* _Information_
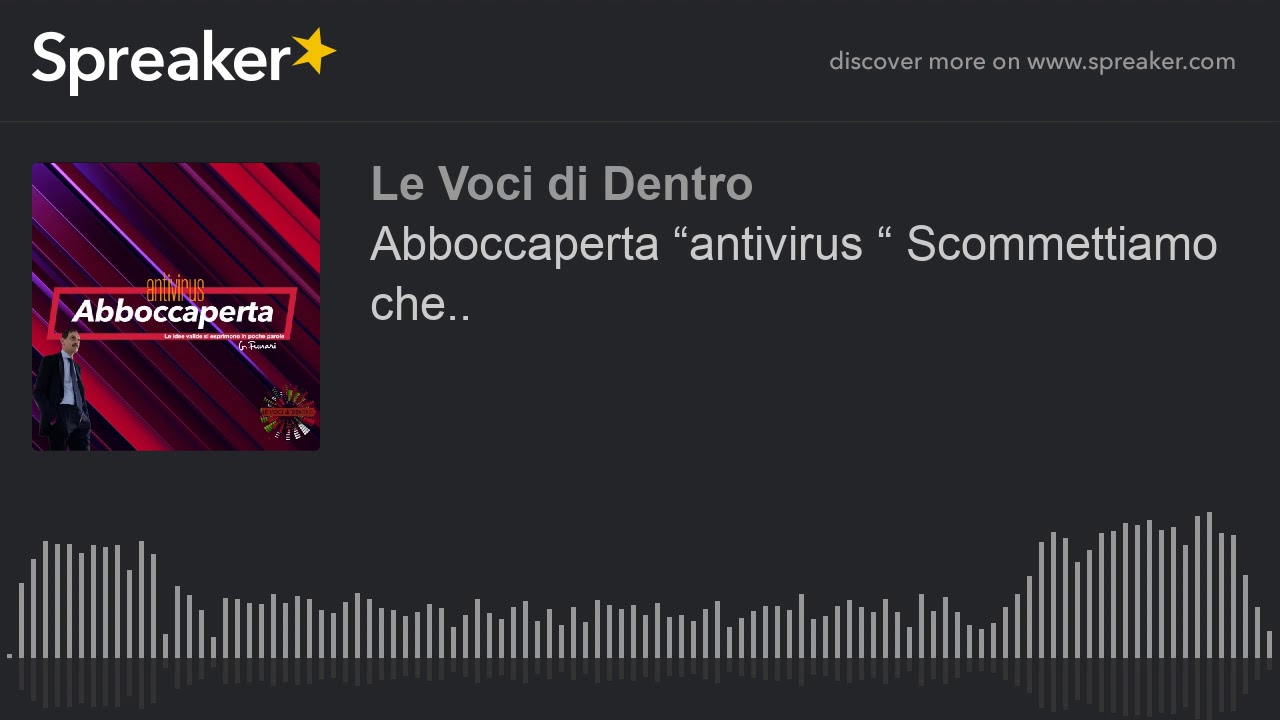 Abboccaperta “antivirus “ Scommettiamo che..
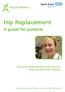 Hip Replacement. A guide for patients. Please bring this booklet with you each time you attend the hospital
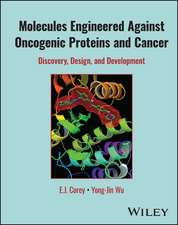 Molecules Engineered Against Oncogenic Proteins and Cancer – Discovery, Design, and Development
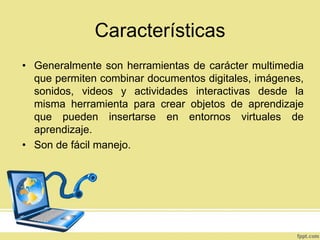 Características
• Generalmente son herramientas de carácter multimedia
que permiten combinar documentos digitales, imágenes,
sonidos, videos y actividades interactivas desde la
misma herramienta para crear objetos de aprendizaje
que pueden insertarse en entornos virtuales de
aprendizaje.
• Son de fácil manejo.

* _Your assignment_
Reproduce, exactly and with nothing added, the lines from the one that includes "de carácter multimedia" through the last line of the material.

* _Result for this exercise_
• Generalmente son herramientas de carácter multimedia
que permiten combinar documentos digitales, imágenes,
sonidos, videos y actividades interactivas desde la
misma herramienta para crear objetos de aprendizaje
que pueden insertarse en entornos virtuales de
aprendizaje.
• Son de fácil manejo.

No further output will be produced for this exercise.